Theresa May has angrily condemned calls for a second Brexit referendum, despite her closest allies secretly preparing for a new poll.
The prime minister hit out at predecessor Tony Blair, who on Friday told Sky News she should "switch course" and back a second referendum because of deadlock in parliament.
Yet behind the scenes, her de-facto deputy David Lidington has discussed a new poll with Labour MPs.
And her chief of staff, Gavin Barwell, was forced to deny reports on Sunday that he was planning for a second referendum.
Over the past fortnight, Mr Lidington has held a series of meetings with Labour MPs, including one on Thursday with leading campaigners for a so-called "people's vote".
This week Mrs May will attempt to salvage her Brexit deal by calling in EU ambassadors to Number 10 and sending a top government lawyer to Brussels for talks on the Irish backstop.
The government's most senior legal officer, Jonathan Jones, aims to secure a legally binding commitment that the backstop can be time-limited, which the PM hopes would deliver the necessary votes in a Commons vote on the deal.
Hitting out at Mr Blair after a bruising week which ended with a disastrous EU summit, the PM said: "I am fighting for a good deal for Britain.
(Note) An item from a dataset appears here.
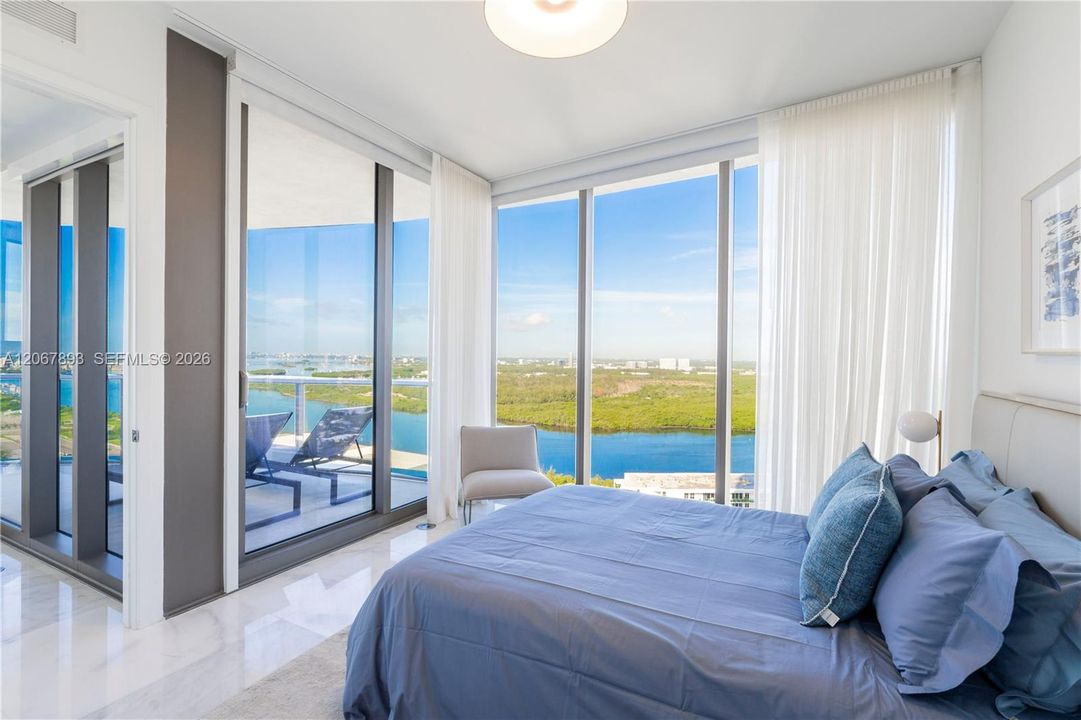 For Sale: $8,400,000 (4 beds, 5 baths, 3204 Square Feet)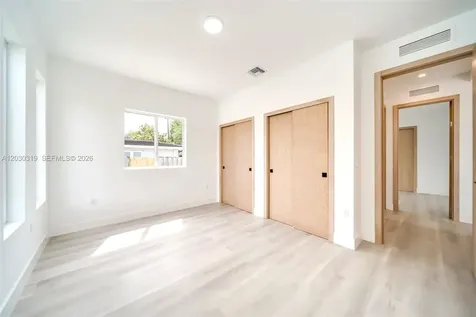 8990 N Miami Avenue El Portal FL 33150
I will continue to fight for a good deal for Britain.
"I have never lost sight of my duty and that is to deliver on the referendum result and to do so in a way that protects British jobs, keeps us safe and protects our precious union.
"However, there are too many people who want to subvert the process for their own political interests - rather than acting in the national interest.
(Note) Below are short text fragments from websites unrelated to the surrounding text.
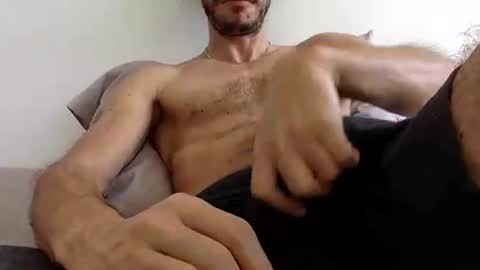 urbestbigdick online show from 12/22/25, 05:54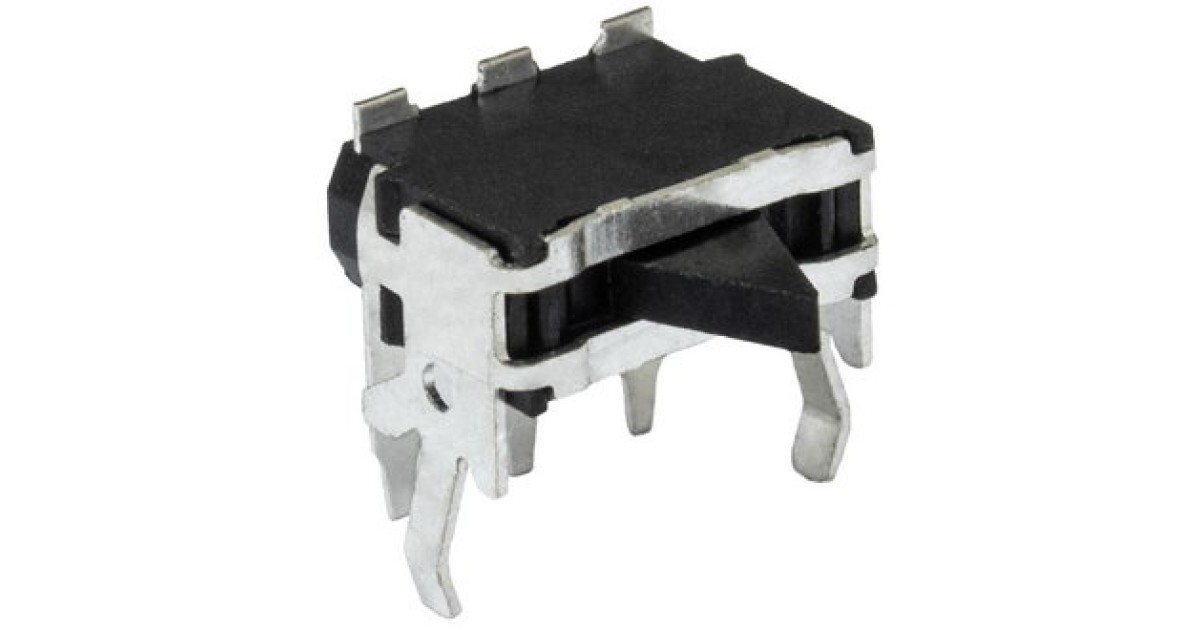 Купить DS-011 RUICHI оптом в Москве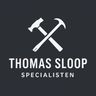 Thomas Sloop Specialisten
"For Tony Blair to go to Brussels and seek to undermine our negotiations by advocating for a second referendum is an insult to the office he once held and the people he once served.
"We cannot, as he would, abdicate responsibility for this decision. Parliament has a democratic duty to deliver what the British people voted for.
"I remain determined to see that happen. I will not let the British people down."
In his Sky News interview, Mr Blair said: "The deal that the PM's finally concluded with the EU is a deal that nobody really wants.
"So I think that the logical thing is to go back to the people and say - you're going to have to give us direction because parliament can't agree on one form of Brexit and it's clear that as a result of this negotiation our knowledge of what Brexit really means has been vastly enlarged."
But the disclosure that Mr Lidington is talking to pro-Remain Labour MPs will incense some members of the cabinet, as well as Brexiteer Tory backbenchers.
He first met a group of around 20 Labour MPs last month and last Thursday he met leading figures from the official People's Vote campaign including Chris Bryant, Ben Bradshaw, Chuka Umunna and Chris Leslie.
Mr Lidington is one of a "gang of five" in cabinet - alongside Amber Rudd, Philip Hammond, David Gauke and Greg Clark - who are said to have concluded that a new referendum may be the only way to resolve the deadlock.
On Friday, Ms Rudd, the work and pensions secretary, stepped forward as the Tories' Brexit peacemaker, calling for a ceasefire among warring Conservative MPs and for a "coalition" with moderate Labour MPs to thrash out a cross-party compromise.
But Foreign Secretary Jeremy Hunt, who believes no deal is better than a referendum, said in a Sunday Telegraph interview the UK would flourish without a Brexit deal and also confirmed he wants to stand for the Tory leadership.
Labour MP Ian Murray said that a People's Vote is now closer than ever.
"Even Theresa May's closest supporters have realised that the only way out of this Brexit shambles is to put our country's future back in the hands of the public," he said.
"There is cross-party support for a People's Vote, and we are now moving towards a parliamentary majority. It's time for Theresa May to trust the British public and for all MPs to work together to achieve a People's Vote.
Liberal Democrat Brexit spokesperson Tom Brake said a People's Vote provides the only escape route from a divisive and damaging Brexit.
"The parties must join forces to defeat the PM's friendless deal and trigger the vote and legislation necessary for a referendum. This decision must be taken back to the people, with the option to remain on the ballot paper offering us a chance to get out of this mess," he said.